Task objective:
Search the records for the line with "Cannen Hand Tufted". Output that line and each line after it, exactly, and stop at the end; omit pictures.

Image-caption web data:
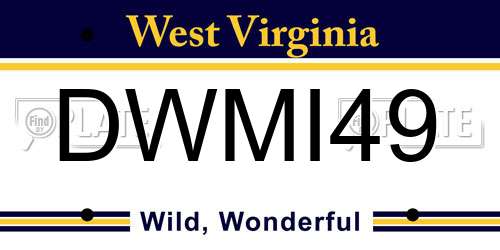 DWMI49 West Virginia License Plate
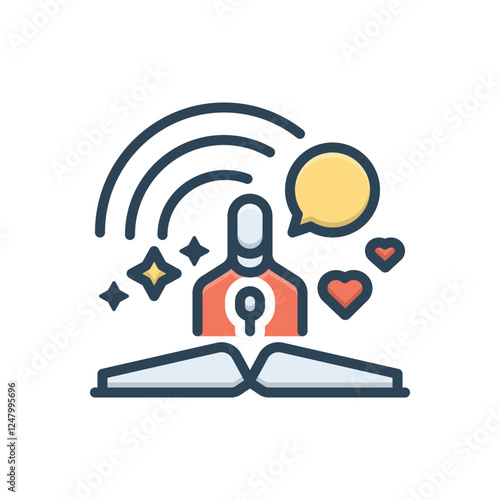 Color illustration icon for storytelling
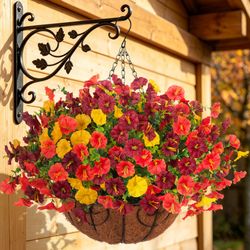 Fall hanging basket with flowers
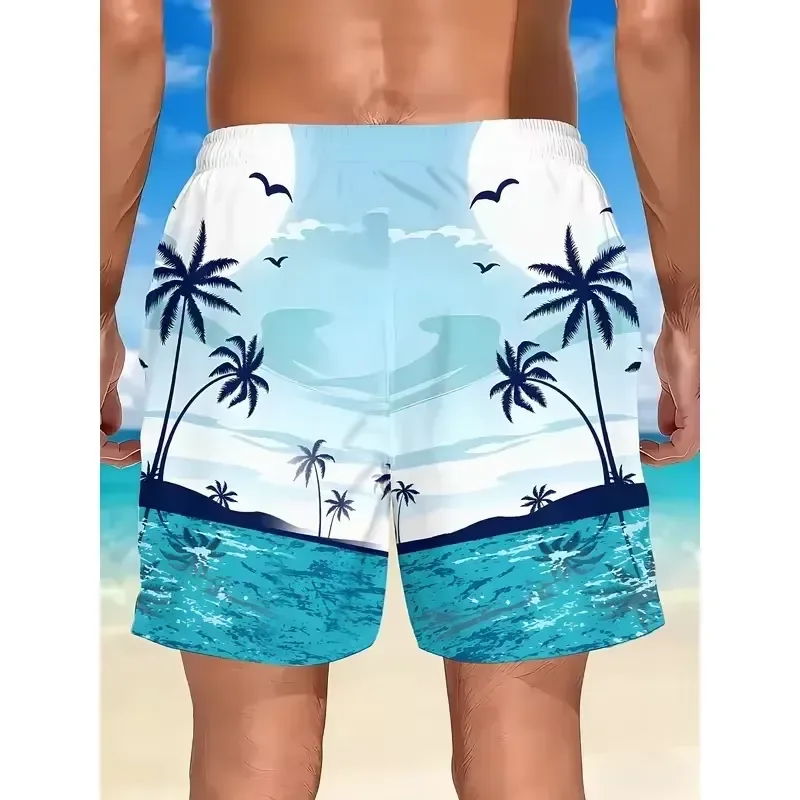 Casual Cool Shorts 2026 Men Quick Dry Swim Trunks Red Black Geometric 3D Print Board Shorts Regular Fit Beach Pool Gym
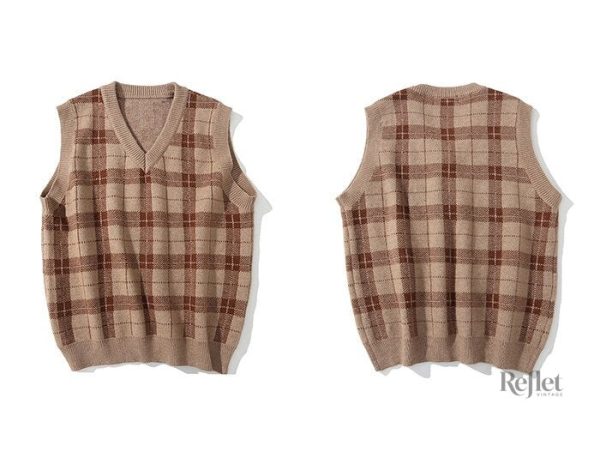 Pull sans manches à carreaux pour hommes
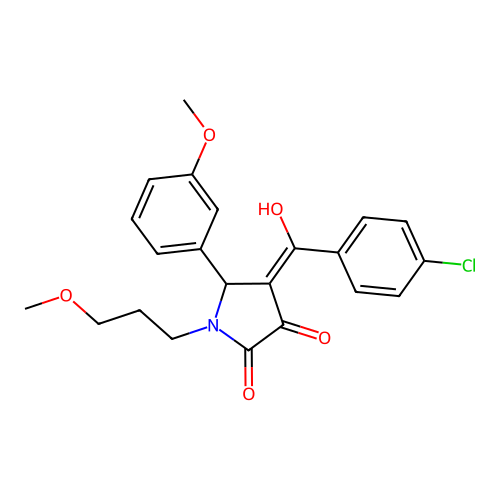 4-(4-chlorobenzoyl)-3-hydroxy-5-(3-methoxyphenyl)-1-(3-methoxypropyl)-1H-pyrrol-2(5H)-one structure
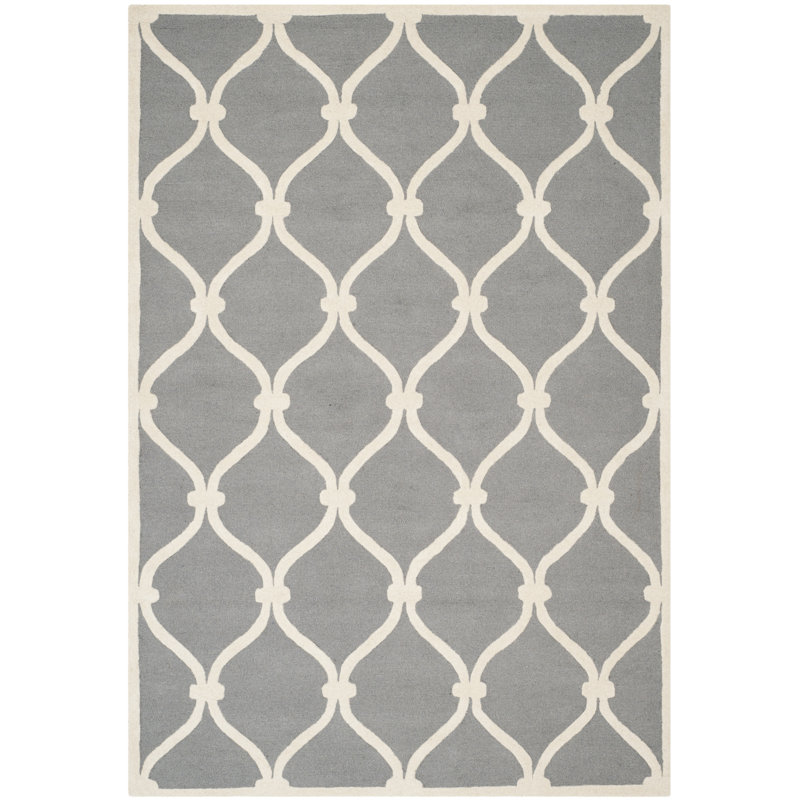 Cannen Hand Tufted Wool Geometric Rug, Rectangle 6' x 9'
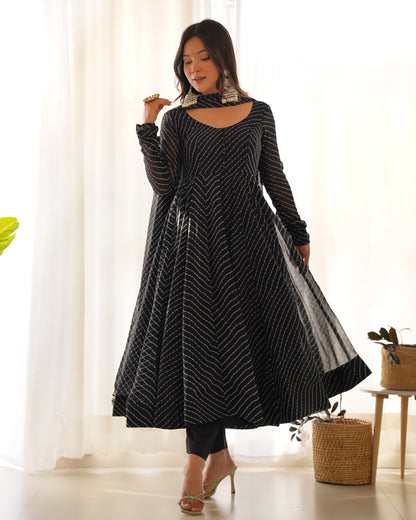 PURE FOX GEORGETTE LAHERIYA PRINT FABRIC FULLY FLAIR ANARKALI,WITH DUPPTA SET,PENT READY TO WEAR*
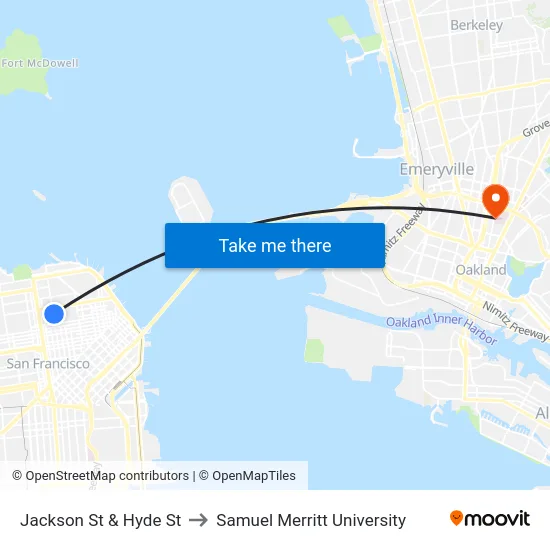 Jackson St & Hyde St to Samuel Merritt University map
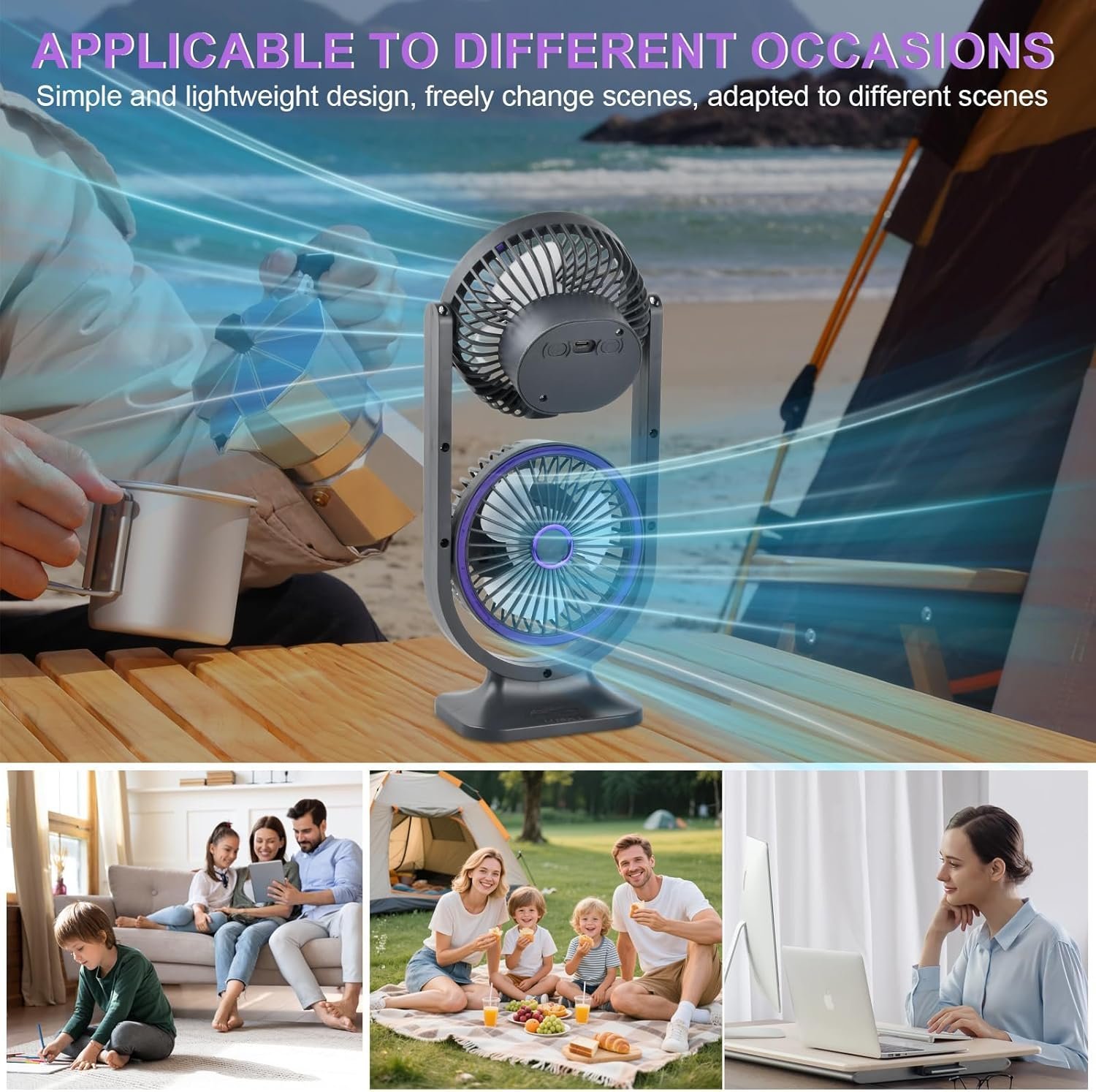 Ventilateur de Bureau Double Tête Rechargeable USB - مروحة المكتب المكتبية المزدوجة بـ 3 سرعات - الصورة 2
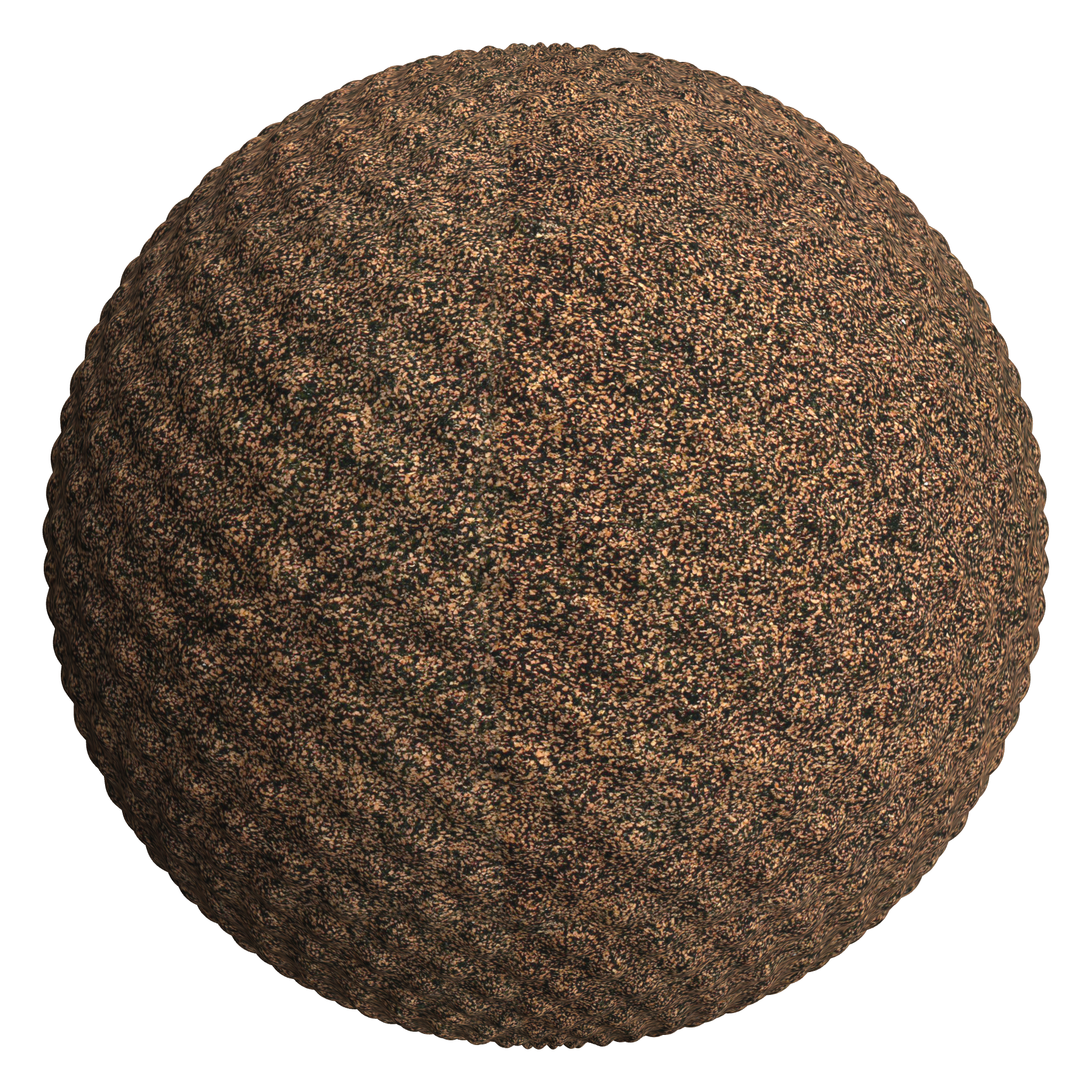 3D sphere preview of Convoluted Cork Rubber Composite seamless texture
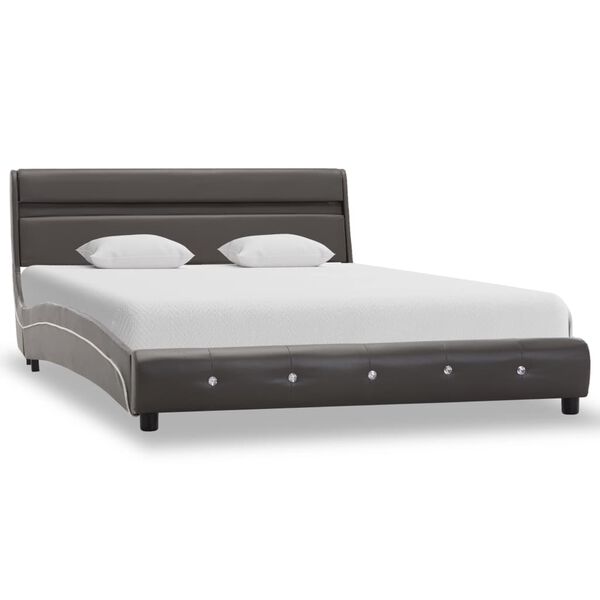 vidaXL Πλαίσιο Κρεβατιού με LED Γκρι 140x200 εκ. από Συνθετικό Δέρμα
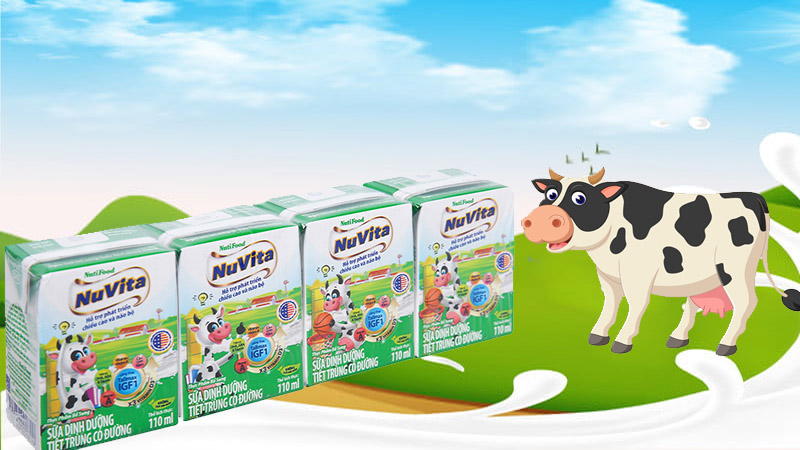 Lô 4 hộp sữa tiệt trùng có đường Nuvita 110ml
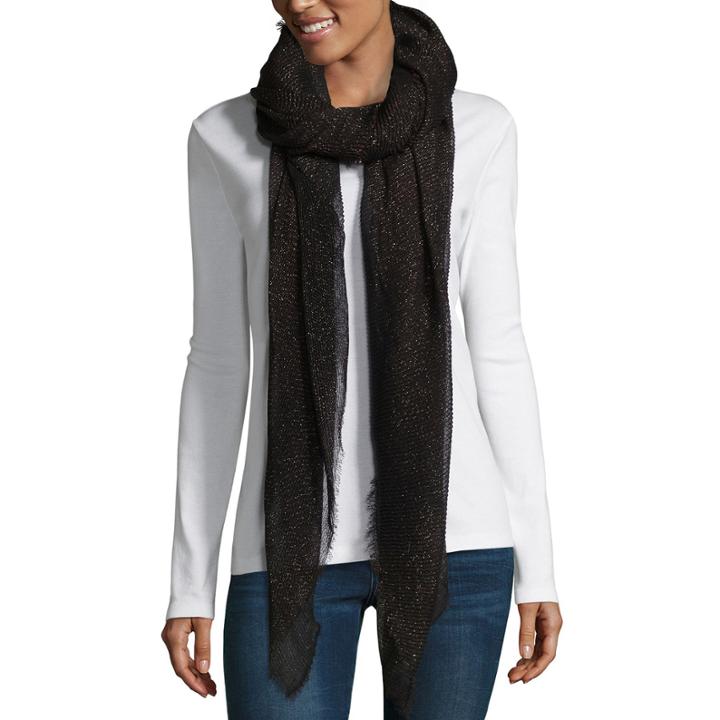 Mixit Solid Shine Oblong Scarf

Output for this task:
 Cannen Hand Tufted Wool Geometric Rug, Rectangle 6' x 9'
 PURE FOX GEORGETTE LAHERIYA PRINT FABRIC FULLY FLAIR ANARKALI,WITH DUPPTA SET,PENT READY TO WEAR*
 Jackson St & Hyde St to Samuel Merritt University map
 Ventilateur de Bureau Double Tête Rechargeable USB - مروحة المكتب المكتبية المزدوجة بـ 3 سرعات - الصورة 2
 3D sphere preview of Convoluted Cork Rubber Composite seamless texture
 vidaXL Πλαίσιο Κρεβατιού με LED Γκρι 140x200 εκ. από Συνθετικό Δέρμα
 Lô 4 hộp sữa tiệt trùng có đường Nuvita 110ml
 Mixit Solid Shine Oblong Scarf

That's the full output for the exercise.